From their humble beginnings as the worker’s boot, Dr. (“Doc”) Martens have come a long way, morphing into a favorite fashion accessory for punks, mods, rockers, goths — and now hipsters — and supporting the soles of everyone from Kurt Cobain to the Dalai Lama. It’s been 50 years since the first pair of 1460s (the iconic eight-eye boot with yellow welt stitching and an AirWair sole) hit the market. Here are some of the Doc’s biggest moments:

  • Image about steel-toes-kurt-cobain-americanway
Drs. Herbert Funck and Klaus Maertens
1945–47: Germany’s Dr. Klaus Maertens injures his ankle while skiing. For comfort, he designs a pair of boots sporting air-cushioned soles. Later, with Dr. Herbert Funck, he improves the sole with rubber.

1960: British shoe manufacturer R. Griggs Group Ltd. acquires sole rights. After revamping the uppers and Anglicizing the name, they release Dr.
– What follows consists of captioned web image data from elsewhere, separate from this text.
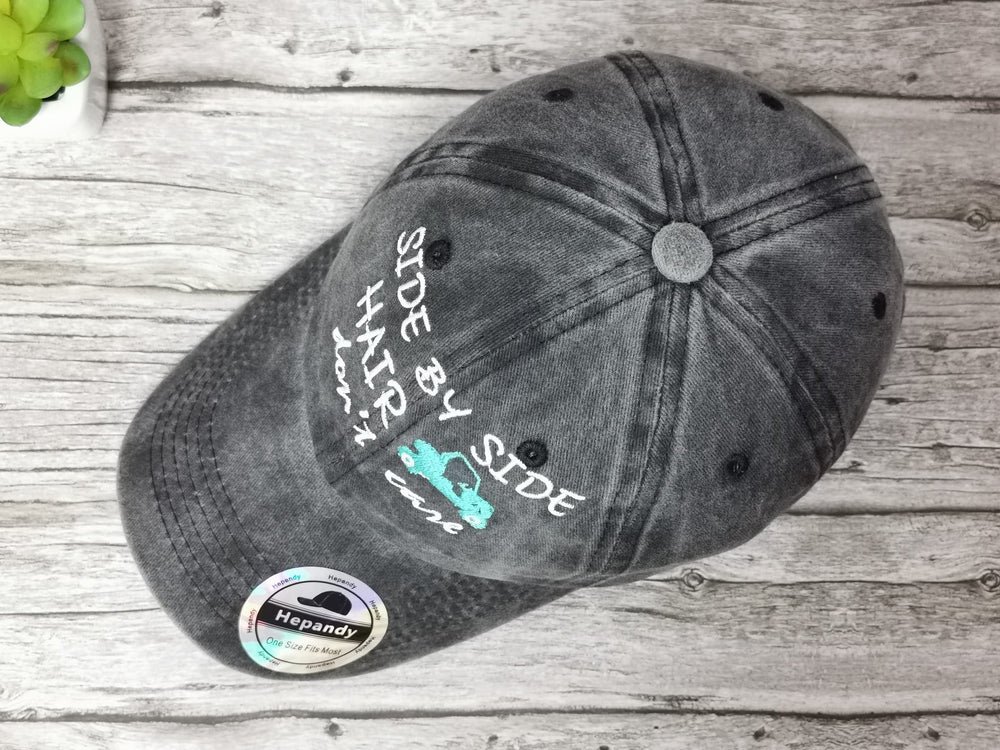 Washed black cotton twill cap with adjustable snapback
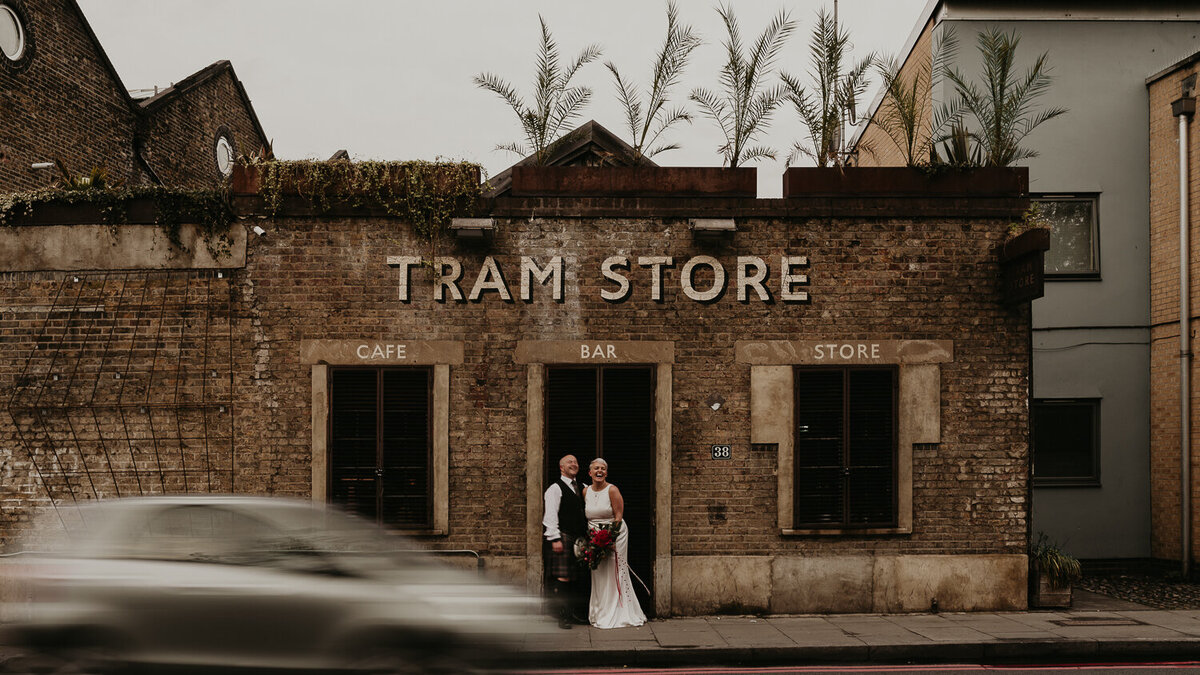 A bride and groom stand outside Tram Store, a wedding venue in Clapton London that has an industrial feel.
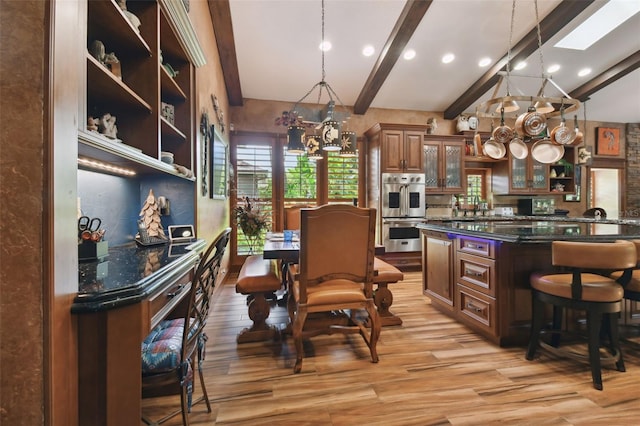 kitchen featuring glass insert cabinets, beamed ceiling, decorative light fixtures, a chandelier, and open shelves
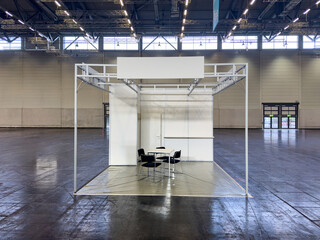 Weisser leerer Messestand in Messehalle mit schwarzen Stühlen und einem Tisch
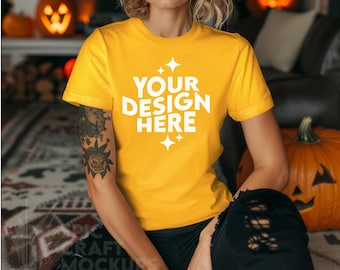 May include: A yellow t-shirt with short sleeves and a crew neck. The shirt has the text "YOUR DESIGN HERE" printed on the front in white with small white stars.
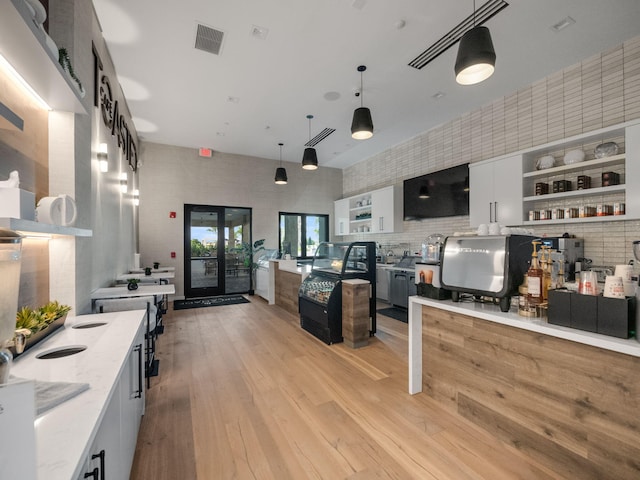 kitchen featuring light wood-type flooring, open shelves, light stone countertops, visible vents, and hanging light fixtures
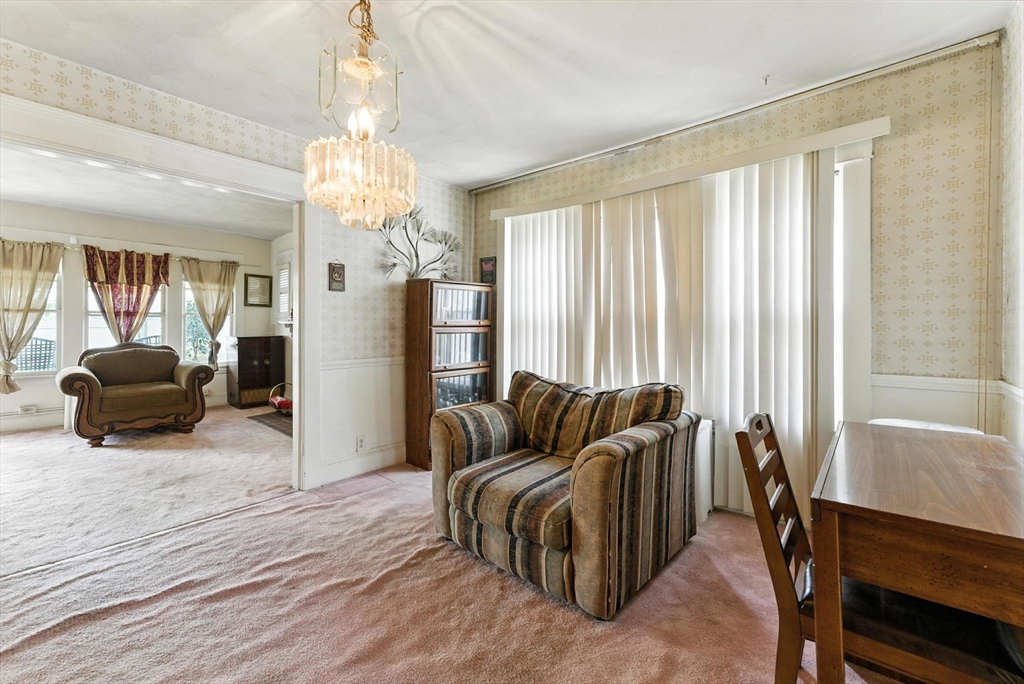 18-20 Eldridge Street Springfield, MA 01108 - Photo 23 of 42 a living room with furniture and a chandelier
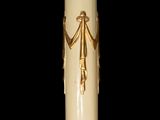 a white vase with a gold decoration on it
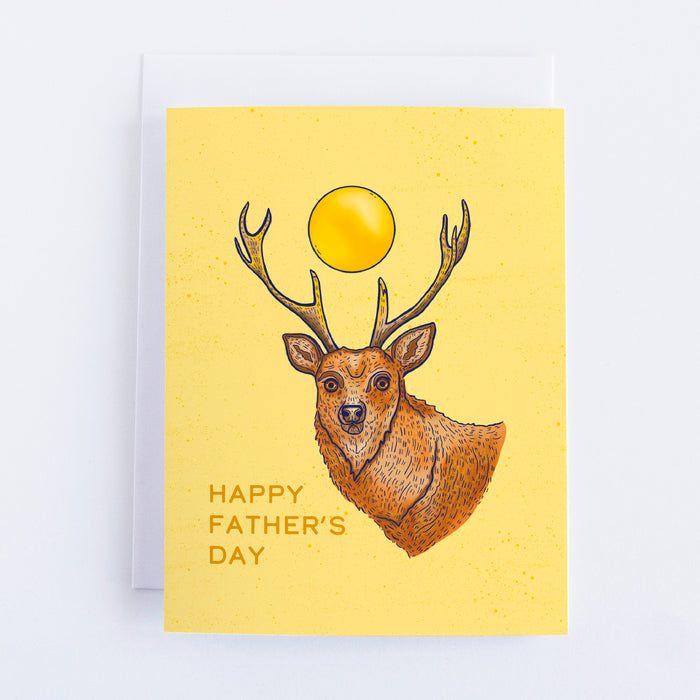 A yellow greeting card with a deer with the sun in the middle of his antlers. The text says happy fathers day.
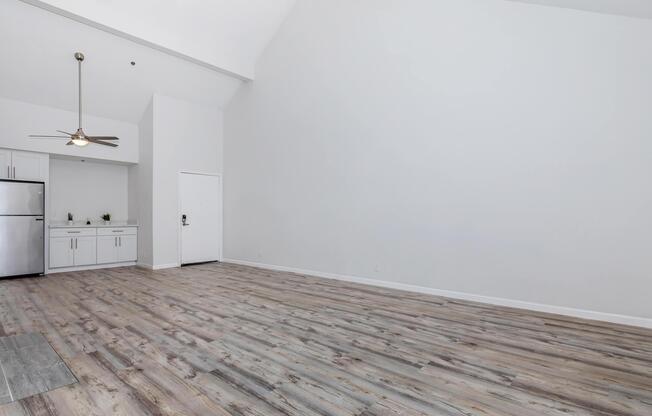 Spacious, minimalist living area with light-colored wooden flooring and high ceilings. A kitchen area with a stainless steel refrigerator is visible in the background. The walls are painted white, creating a bright, airy feel. A single door leads outside, enhancing the open layout.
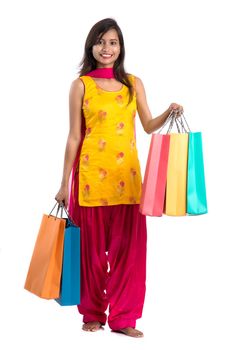 Beautiful Indian young girl holding and posing with shopping bags on a white background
Martens’ now famous 1460 model on April 1.

1975: Elton John appears in The Who’s rock-musical film Tommy sporting a gigantic pair of Dr. Martens–inspired boots, which are now on display at England’s Northampton Museum & Art Gallery.

1996: The Vatican orders 100 pairs of Dr. Martens, including one for the pontiff himself.

2010: The 100 millionth pair is sold. Boutiques open in San Francisco’s Haight-Ashbury neighborhood and in New York City, joining existing stores in Portland and Seattle.